Your objective
Each record that follows should be duplicated exactly, except for its pictures.

[[ Listed records open ]]

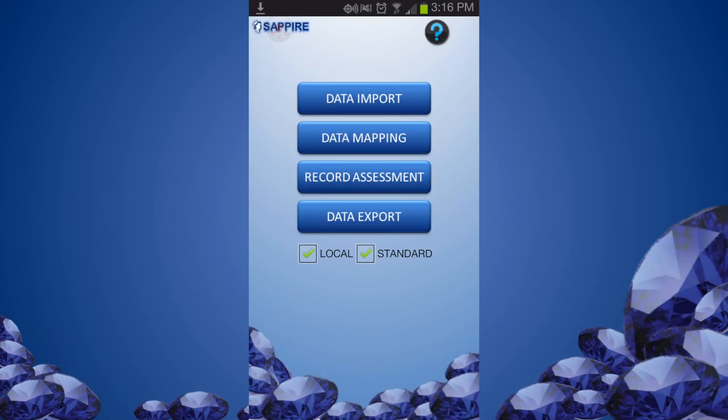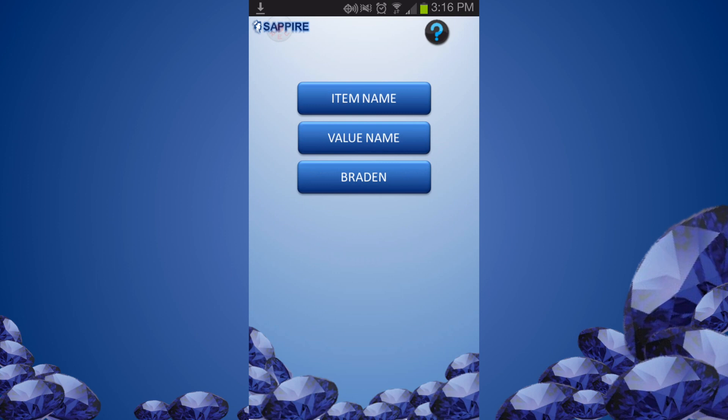Next we will map the local assessment items to the standard items to attach standardized concept codes. We can also associate assessment items to relevant Braden scale parameters in this tab. From the main menu, click Data Mapping.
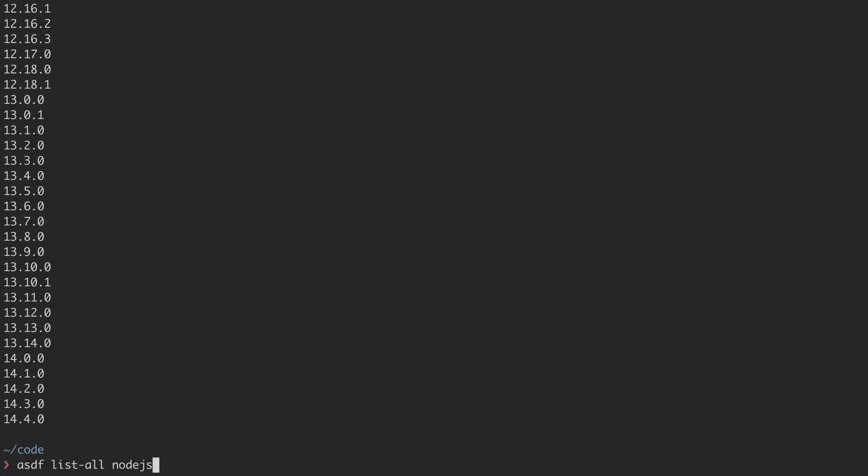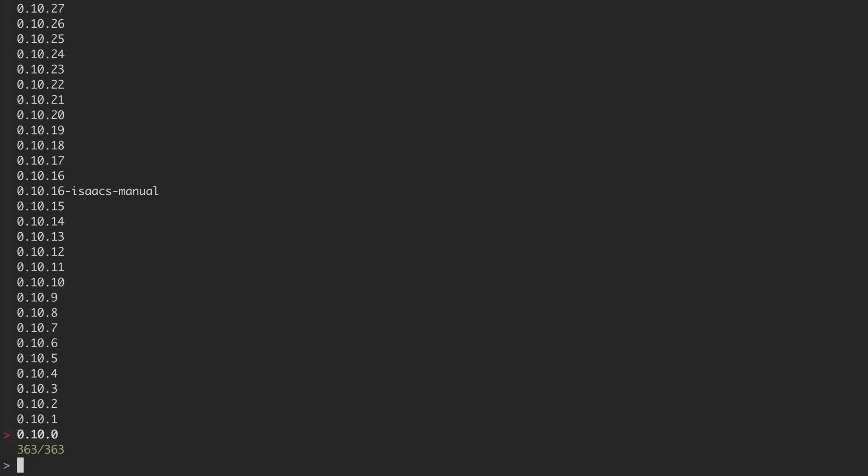So my first instinct might be to do some sort of grep, but instead I want to try piping it through FCF, which is a fuzzy finding utility that is interactive. If I do that, you now see all those results piped in, and they seem to be ordered numerically.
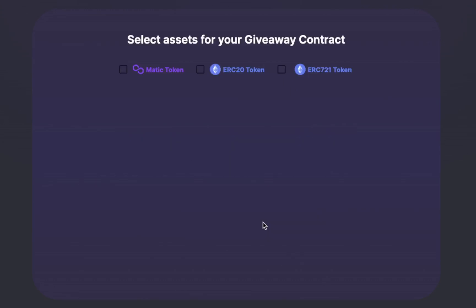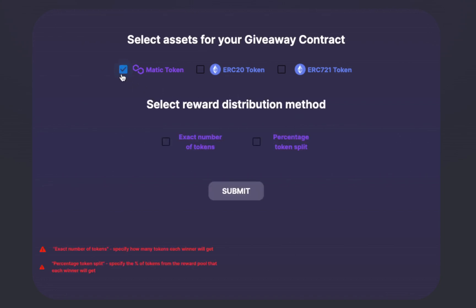Select assets for your giveaway contract. Choose between giving away MATIC tokens, ERC-20 tokens, and ERC-721 tokens. You can choose between two reward distribution methods: specify exactly how many tokens each winner gets, or split rewards based on percentages.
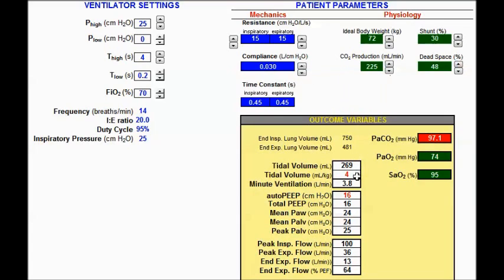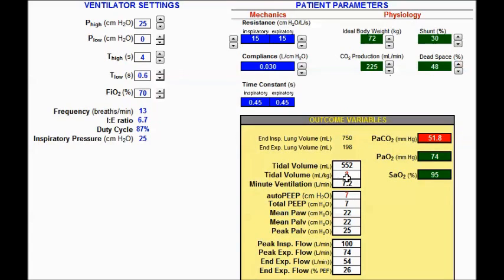With compliance at 30 and t-low at 0.2: tidal volume is safe but there is quite a bit of auto-PEEP. Changing to 0.4: tidal volume is a little higher, still in safe range at 6 cc/kg, auto-PEEP is less. At 0.6: tidal volume is not as safe, auto-PEEP is less. At 0.8: tidal volume is now not in a safe range.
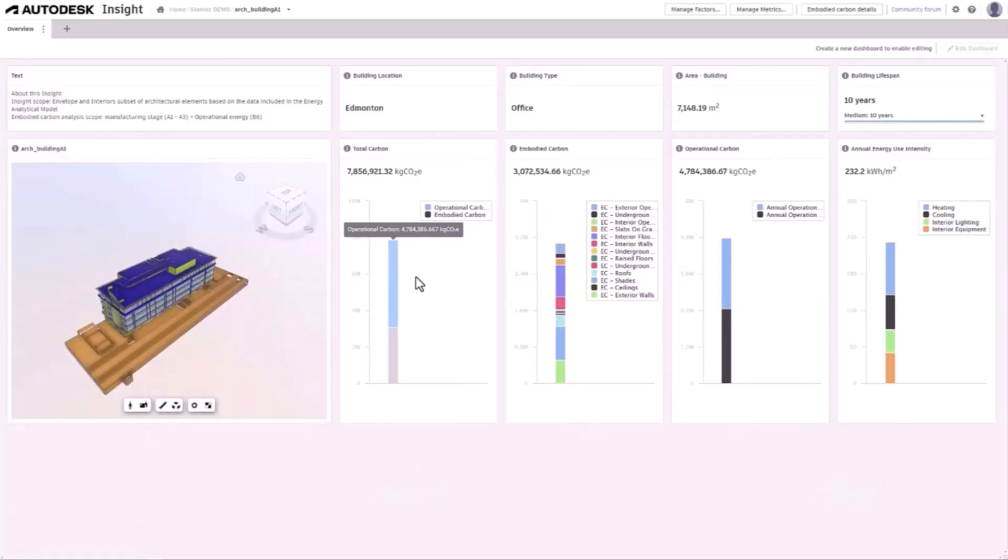What's new in Revit 2025? Total carbon analysis for architects for improved understanding of your project's carbon impacts.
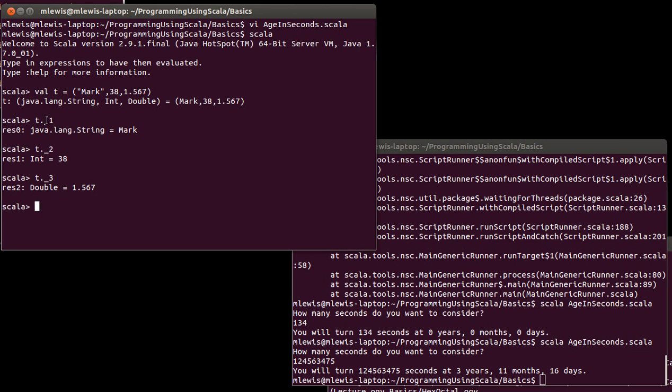But if I were going to be using, for example, underscore one a lot, this can start to get literally ugly in the code. And it's also not very informative. Mark here, that's my name. It might be nice to have it so that when I pull it out of the tuple, it has a name associated with it. You can do assignments from tuples. This uses something called pattern matching, which we'll get into more detail on at a later point. But it's helpful to show it.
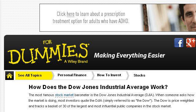Last but not least, try our third ranked site, www.dummies.com. The web page is titled 'How Does the Dow Jones Industrial Average Work For Dummies'.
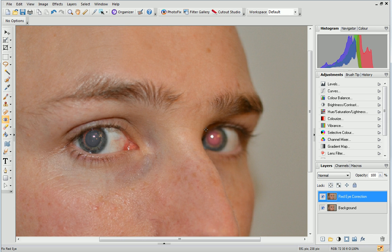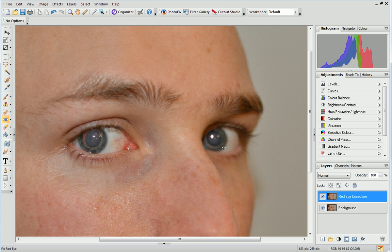Alternatively, you can click and drag to draw an ellipse around the red area and then release the mouse button. Be careful you don't make the ellipse too large or you may affect other red-based areas of the photo.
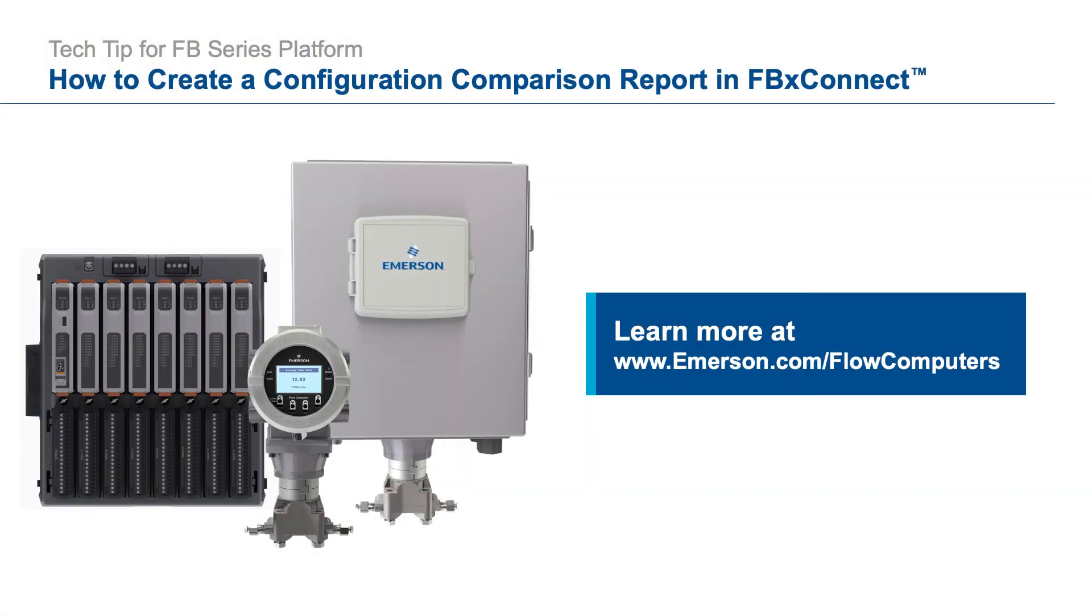Thank you for your time. For more information, please visit emerson.com slash flowcomputers.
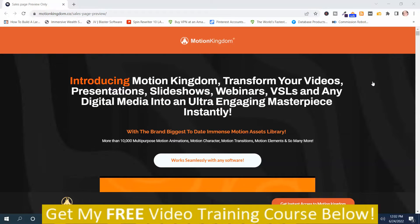Mark Dwayne here from markdwayne.com. This is my Motion Kingdom review. There basically is no members area for this program because Motion Kingdom is a group of assets for animation, video, and graphic design. I'm going to walk you through the sales page because it basically runs you through what you're going to get with Motion Kingdom. It's by Nelson Long, and he's one of the top graphic design marketers on JVZoo.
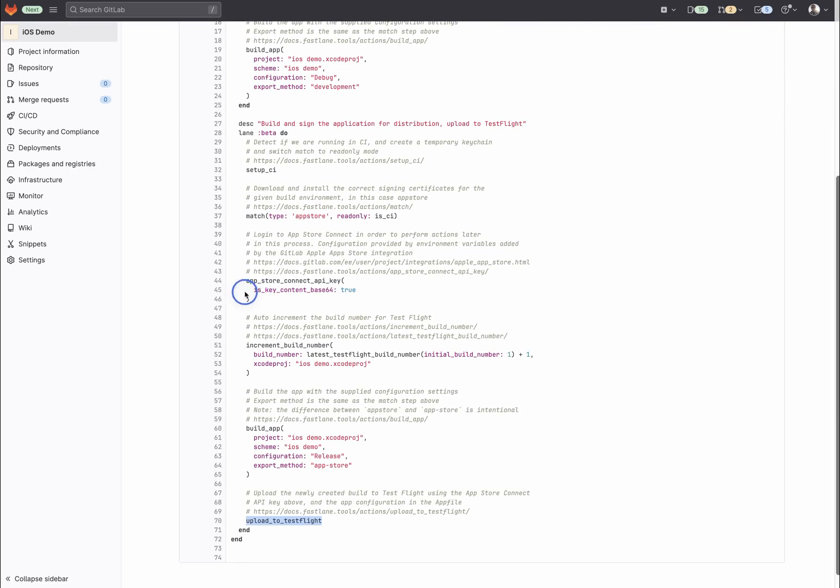Of course, these are environment variables, so they can be utilized by custom tooling as well. Once the App Store Connect API key has been added to the Fast file, all future requests will use that session, so uploading a build-to-test-flight is as simple as calling the upload-to-test-flight action.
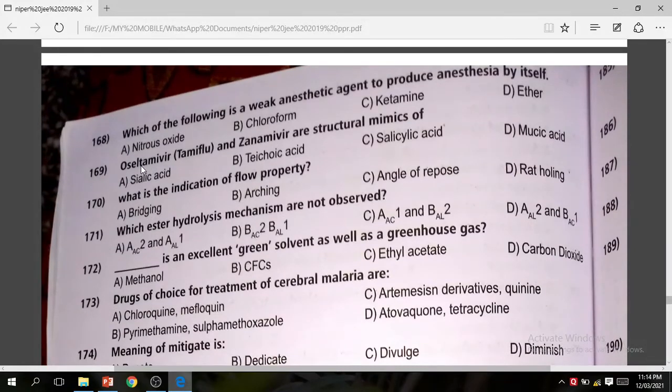Question 169: Oseltamivir (Tamiflu) and Zanamivir are structural mimics of sialic acid. The correct answer is A.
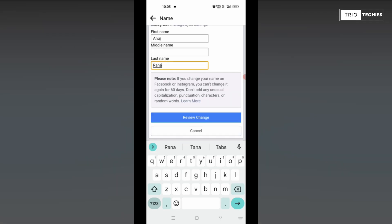So once you have entered your name, please make sure there is an important message for you. If you change your name on Facebook or Instagram, you can't change it again for another 60 days. And do not add any unusual capitalization, punctuation, characters or any other random words.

[[ Listed records closed ]]

Exercise answer
Next we will map the local assessment items to the standard items to attach standardized concept codes. We can also associate assessment items to relevant Braden scale parameters in this tab. From the main menu, click Data Mapping.
So my first instinct might be to do some sort of grep, but instead I want to try piping it through FCF, which is a fuzzy finding utility that is interactive. If I do that, you now see all those results piped in, and they seem to be ordered numerically.
Select assets for your giveaway contract. Choose between giving away MATIC tokens, ERC-20 tokens, and ERC-721 tokens. You can choose between two reward distribution methods: specify exactly how many tokens each winner gets, or split rewards based on percentages.
With compliance at 30 and t-low at 0.2: tidal volume is safe but there is quite a bit of auto-PEEP. Changing to 0.4: tidal volume is a little higher, still in safe range at 6 cc/kg, auto-PEEP is less. At 0.6: tidal volume is not as safe, auto-PEEP is less. At 0.8: tidal volume is now not in a safe range.
What's new in Revit 2025? Total carbon analysis for architects for improved understanding of your project's carbon impacts.
But if I were going to be using, for example, underscore one a lot, this can start to get literally ugly in the code. And it's also not very informative. Mark here, that's my name. It might be nice to have it so that when I pull it out of the tuple, it has a name associated with it. You can do assignments from tuples. This uses something called pattern matching, which we'll get into more detail on at a later point. But it's helpful to show it.
Last but not least, try our third ranked site, www.dummies.com. The web page is titled 'How Does the Dow Jones Industrial Average Work For Dummies'.
Alternatively, you can click and drag to draw an ellipse around the red area and then release the mouse button. Be careful you don't make the ellipse too large or you may affect other red-based areas of the photo.
Thank you for your time. For more information, please visit emerson.com slash flowcomputers.
Mark Dwayne here from markdwayne.com. This is my Motion Kingdom review. There basically is no members area for this program because Motion Kingdom is a group of assets for animation, video, and graphic design. I'm going to walk you through the sales page because it basically runs you through what you're going to get with Motion Kingdom. It's by Nelson Long, and he's one of the top graphic design marketers on JVZoo.
Of course, these are environment variables, so they can be utilized by custom tooling as well. Once the App Store Connect API key has been added to the Fast file, all future requests will use that session, so uploading a build-to-test-flight is as simple as calling the upload-to-test-flight action.
Question 169: Oseltamivir (Tamiflu) and Zanamivir are structural mimics of sialic acid. The correct answer is A.
So once you have entered your name, please make sure there is an important message for you. If you change your name on Facebook or Instagram, you can't change it again for another 60 days. And do not add any unusual capitalization, punctuation, characters or any other random words.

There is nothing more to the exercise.